━━ Task data
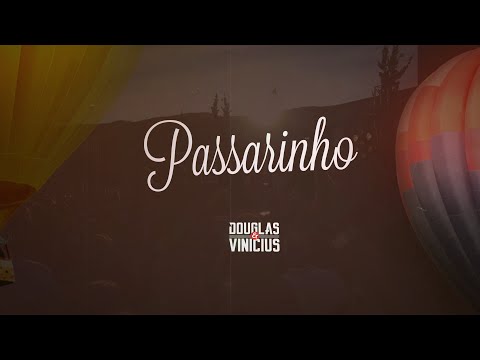 Douglas e Vinicius - Passarinho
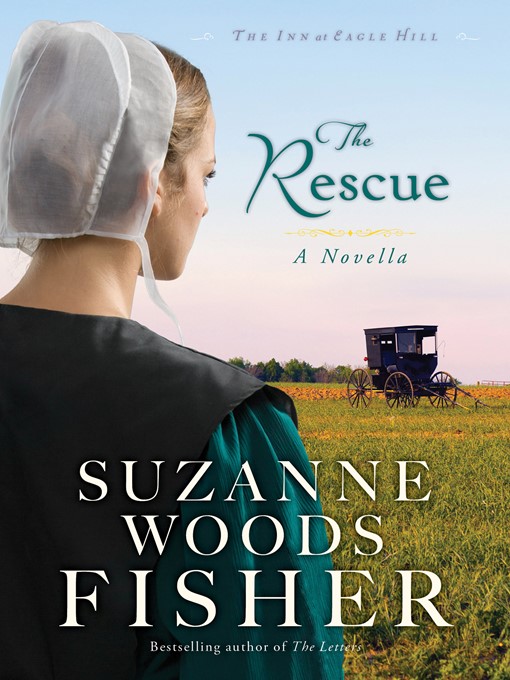 Title details for The Rescue by Suzanne Woods Fisher - Wait list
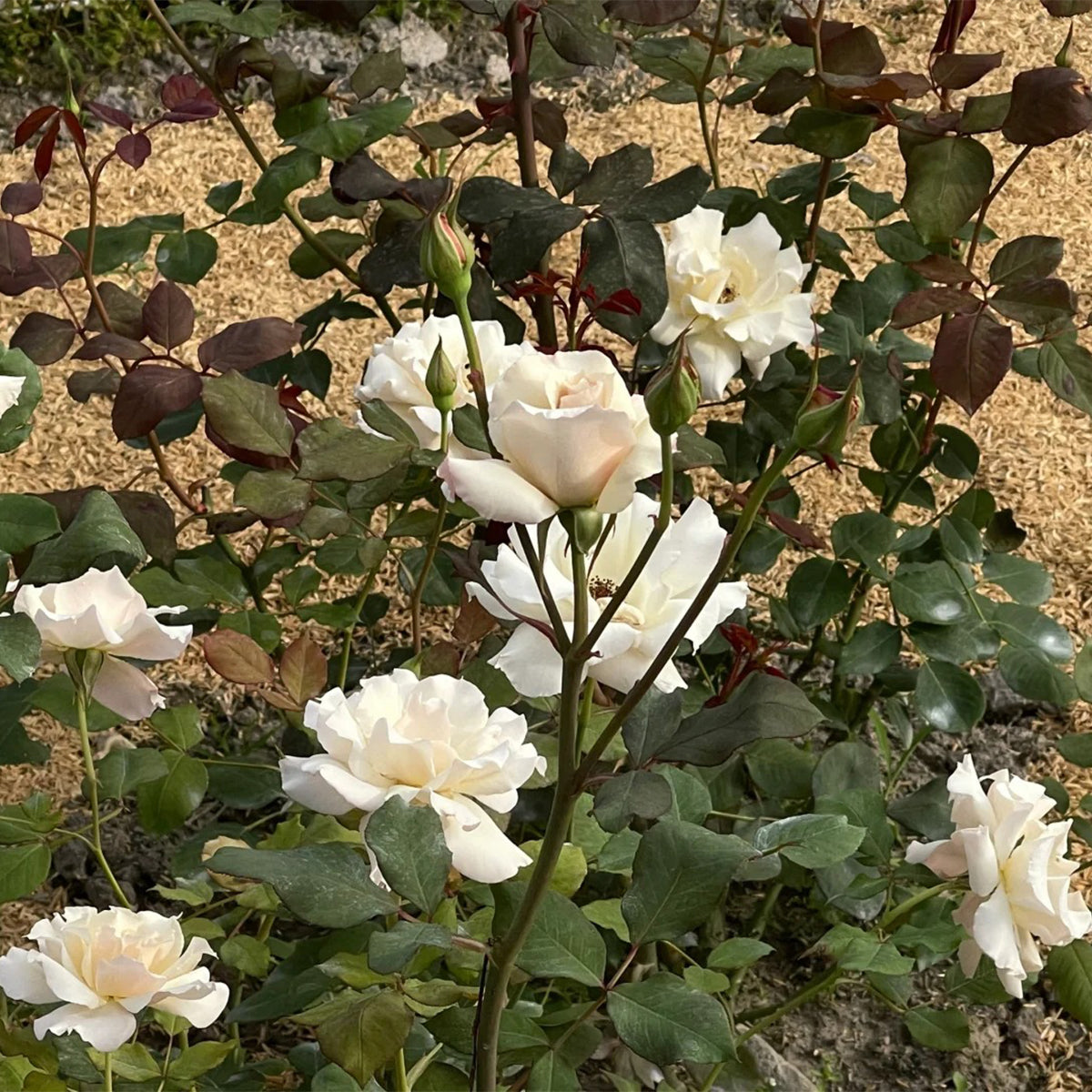 Courage Japanese Florist Shrub Rose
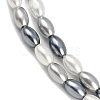 Electroplated Shell Pearl Beads Strands BSHE-H113-06C-02-3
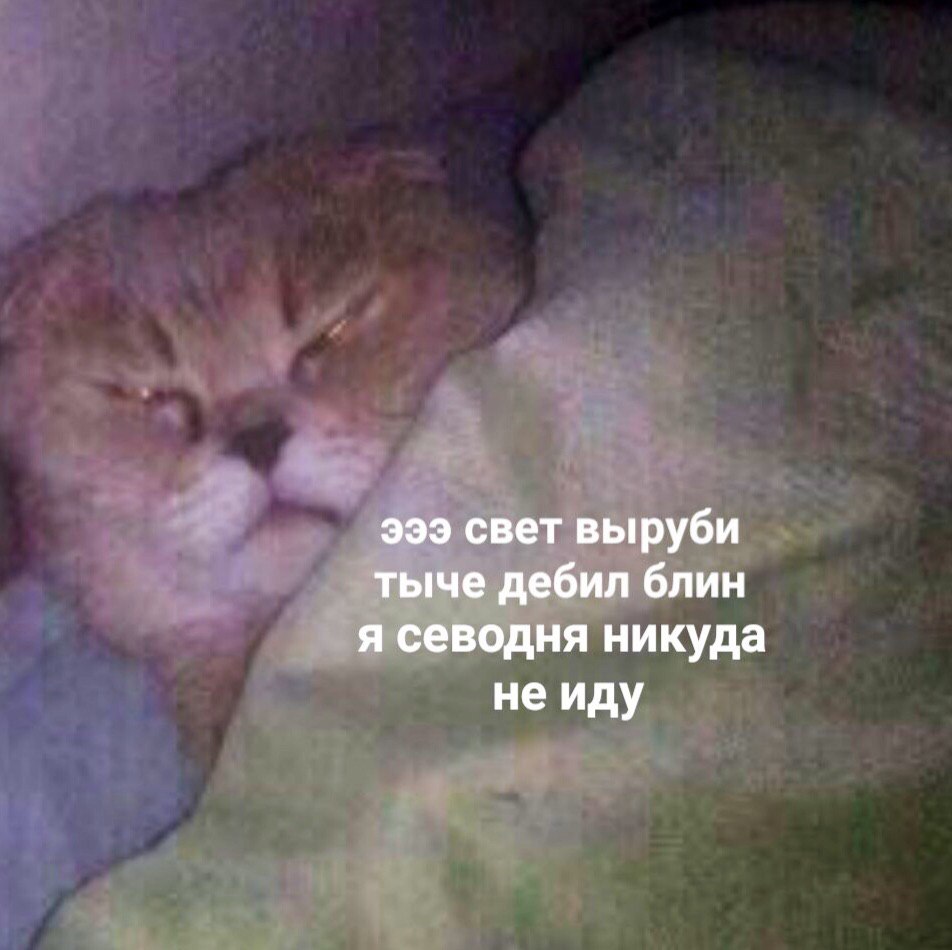 эээ свет выруби тыче дебил блин я севодня никуда не иду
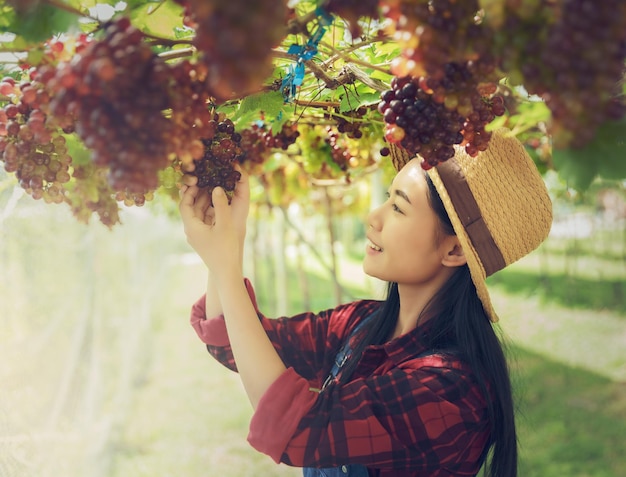 Mulher jovem colhendo uvas na vinha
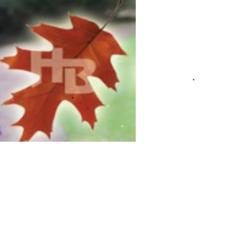 Herman Brothers Landscape Contracting, Corp. logo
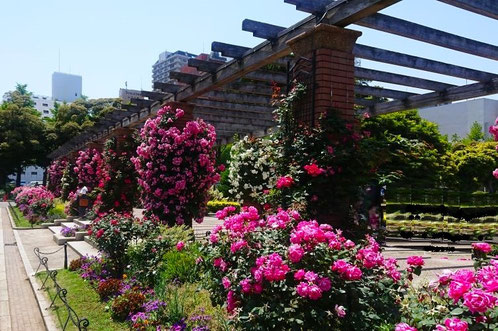 山下公園 中央広場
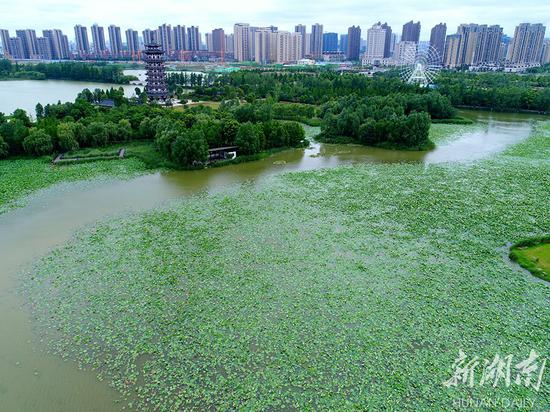 国际生物多样性日 长沙洋湖湿地生态美
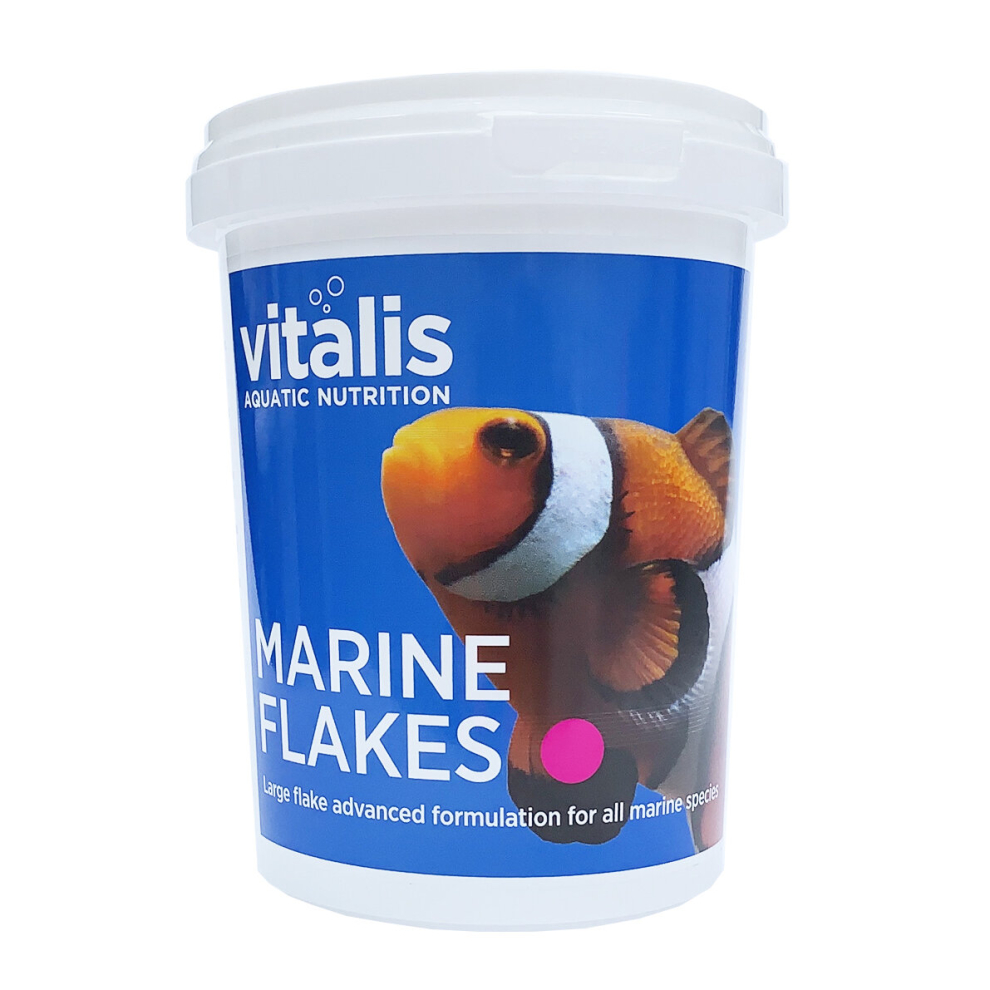 (40g) Vitalis Marine Flakes Fish Food for Marine Reef Aquarium Fish Tank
━━━━
§ **Exercise objective**:
Write out exactly, please, the lines that start at the one containing "Title details for" and run through the final line of the entries, both included, leaving pictures out.

§ **Solution to the problem**:
 Title details for The Rescue by Suzanne Woods Fisher - Wait list
 Courage Japanese Florist Shrub Rose
 Electroplated Shell Pearl Beads Strands BSHE-H113-06C-02-3
 эээ свет выруби тыче дебил блин я севодня никуда не иду
 Mulher jovem colhendo uvas na vinha
 Herman Brothers Landscape Contracting, Corp. logo
 山下公園 中央広場
 国际生物多样性日 长沙洋湖湿地生态美
 (40g) Vitalis Marine Flakes Fish Food for Marine Reef Aquarium Fish Tank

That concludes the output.